Process the provider's response and update your UI accordingly.

When the SpeechToTextButton is used for the first time, the browser will prompt the user for permission to access the microphone. This is required for capturing audio input. Users must grant permission for speech recognition to function.

Integration Flow

When integrationMode="none", the SpeechToTextButton does not emit the result event—only the start and end events are triggered. This means you must handle audio capture and speech recognition entirely within your own logic. Typically, you will:

Use the start event to begin capturing audio from the user.
Use the end event to stop audio capture and send the recorded audio to your chosen speech-to-text provider.
Process the provider's response and update your UI with the recognized text.
The result and error events are not emitted in this mode, as the component does not perform any recognition itself.

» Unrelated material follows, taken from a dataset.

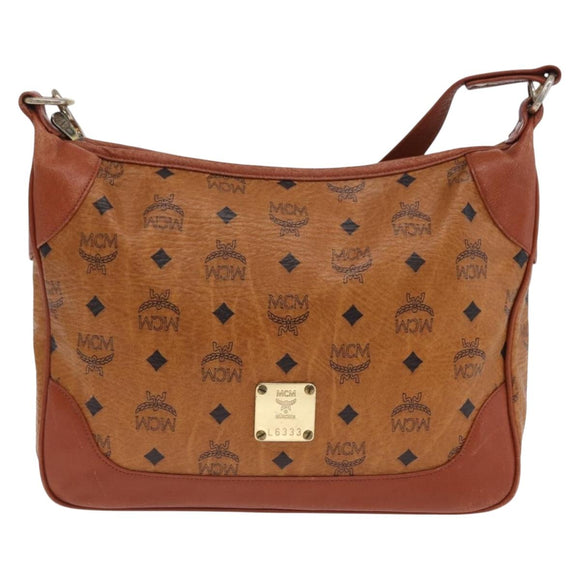 MCM Vicetos Shoulder Bag PVC Leather Brown Gold Tone Auth BA15292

All result handling and UI updates should be implemented in your custom event handlers, as the component will not emit recognition results when using third-party or custom integrations.

Implementation Example

Below is a template showing where to implement your custom speech recognition logic. Refer to your provider's documentation for the exact API usage and requirements.

typescript

@Component({
  // ...existing metadata...
  template: `
    <button kendoSpeechToTextButton
      integrationMode="none"
      (start)="onStart()"
      (end)="onEnd()"
    >{{ isListening ? 'Listening...' : 'Click to speak' }}</button>
    <kendo-textarea [readonly]="true" [value]="textAreaValue"></kendo-textarea>
  `
})
export class AppComponent {
  public textAreaValue = '';
  public isListening = false;
  // Example: Add your API key and region here for your provider
  private azureSubscriptionKey = '<YOUR_AZURE_SPEECH_KEY>'; // Get this from Azure Portal > Your Speech resource > Keys and Endpoint
  private azureRegion = '<REGION_IDENTIFIER>'; // Example: 'westeurope', 'eastus'
  // Add any other required properties for your integration here

  public onStart(): void {
    this.isListening = true;
    // Start recording audio here
    // If your provider supports live/streaming results, you can send audio chunks and update textAreaValue as results arrive.
    // For batch providers, just record audio and wait for final result in onEnd.
  }

  public onEnd(): void {
    this.isListening = false;
    // Stop recording and send audio to your speech-to-text provider here
    // Example:
    // 1. Prepare audio data (e.g., as a Blob)
    // 2. Send to your provider's API endpoint
    // 3. Handle the response and update textAreaValue with the recognized text
    //
    // See provider documentation for details:
    // - Azure: https://learn.microsoft.com/en-us/azure/ai-services/speech-service/rest-speech-to-text-short
    // - Google: https://cloud.google.com/speech-to-text/docs/reference/rest
    // - AWS: https://docs.aws.amazon.com/transcribe/latest/dg/API_Reference.html
    //
    // Example (simulated result):
    this.textAreaValue = 'Hello from external speech recognition!';
  }
}

When integrating with third-party or custom speech-to-text providers (integrationMode="none"), you are responsible for:

Capturing and recording audio from the user.

Converting the audio to the format required by your provider (e.g., WAV/PCM).

Handling authentication (such as API keys).

Sending the audio to the provider's API and processing the response.

Refer to your provider's documentation for details on supported formats and API usage.

The following demo shows how to handle the start and end events to display recognized speech content. While third-party integration is not implemented, the example includes comments to guide you on connecting to external providers (refer to your provider's documentation for the exact API usage and requirements).

Change Theme

Theme

Loading ...

Known Limitations

The Web Speech API is not supported in Firefox or Firefox for Android. For the latest browser compatibility, see the Web Speech API compatibility table.